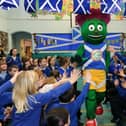 Clyde visits Airth Primary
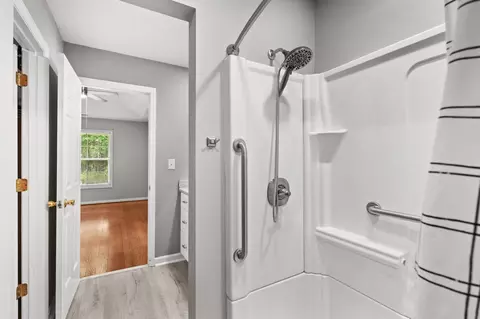 Bath - 125 Fox Glen Dr, Loris, SC 29569 photo 2 of 3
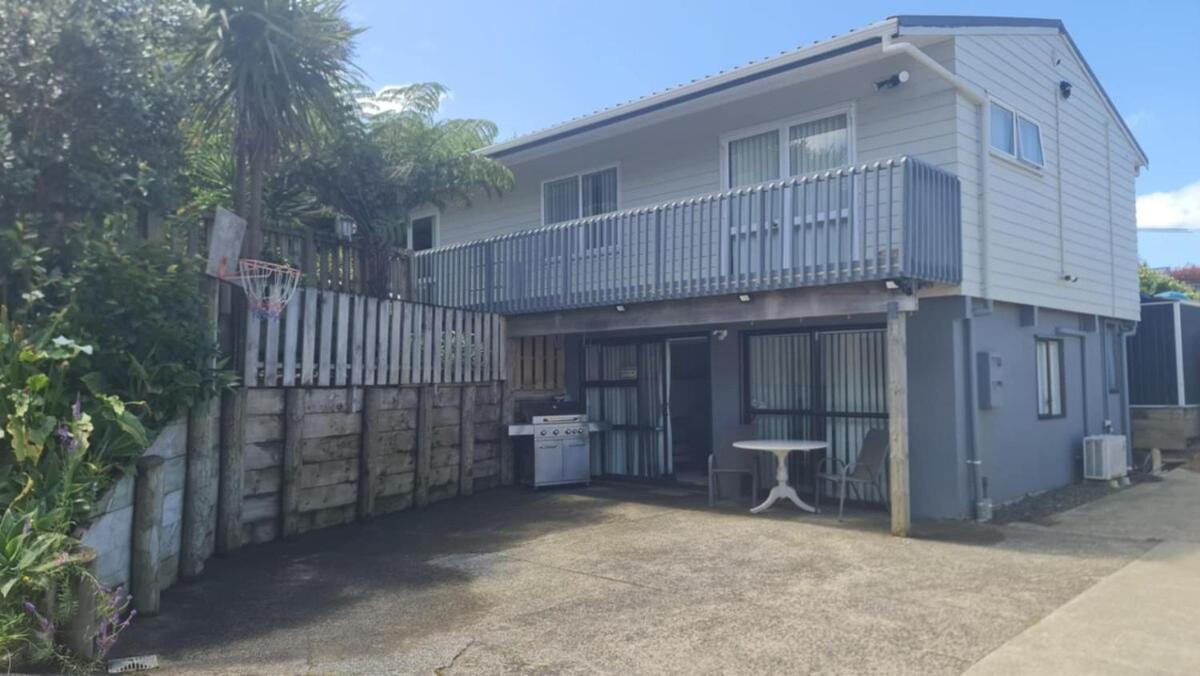 Appartamento Private Retreat In Birkenhead Auckland Esterno foto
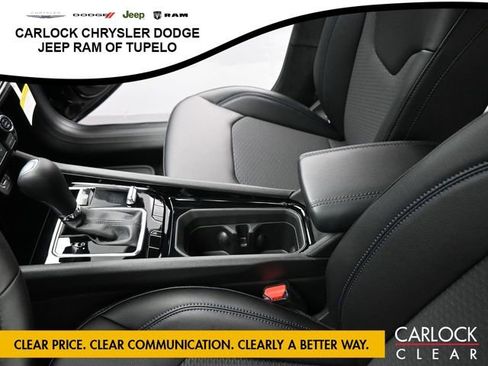 New 2026 Jeep Compass Latitude image 17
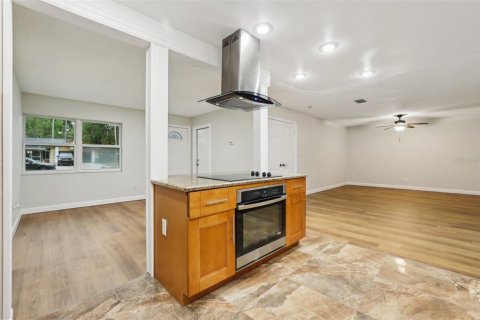 House in Winter Springs, Florida 3 bedrooms, 117.24 sq.m. № 1547828 - photo 8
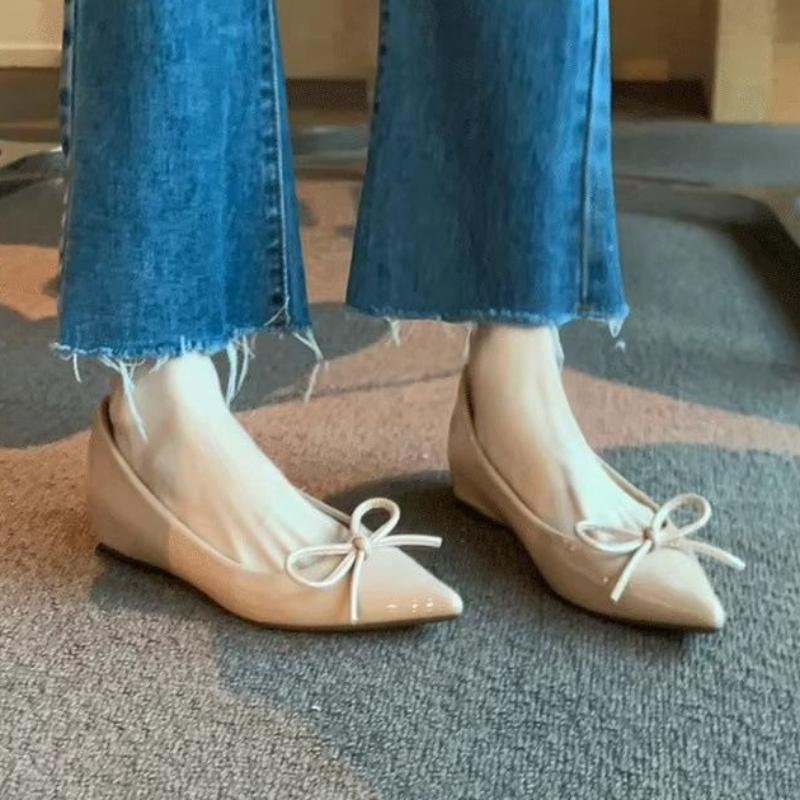 2026 New French Bow Pointed Toe Flat Shoes Women's Shallow Mouth Inside Heighten Commuter Soft Sole Shoes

HOW TO COMPLETE THIS TASK: Restate the data word for word, minus any images.

EXPECTED ANSWER:
 Clyde visits Airth Primary
 Bath - 125 Fox Glen Dr, Loris, SC 29569 photo 2 of 3
 Appartamento Private Retreat In Birkenhead Auckland Esterno foto
 New 2026 Jeep Compass Latitude image 17
 House in Winter Springs, Florida 3 bedrooms, 117.24 sq.m. № 1547828 - photo 8
 2026 New French Bow Pointed Toe Flat Shoes Women's Shallow Mouth Inside Heighten Commuter Soft Sole Shoes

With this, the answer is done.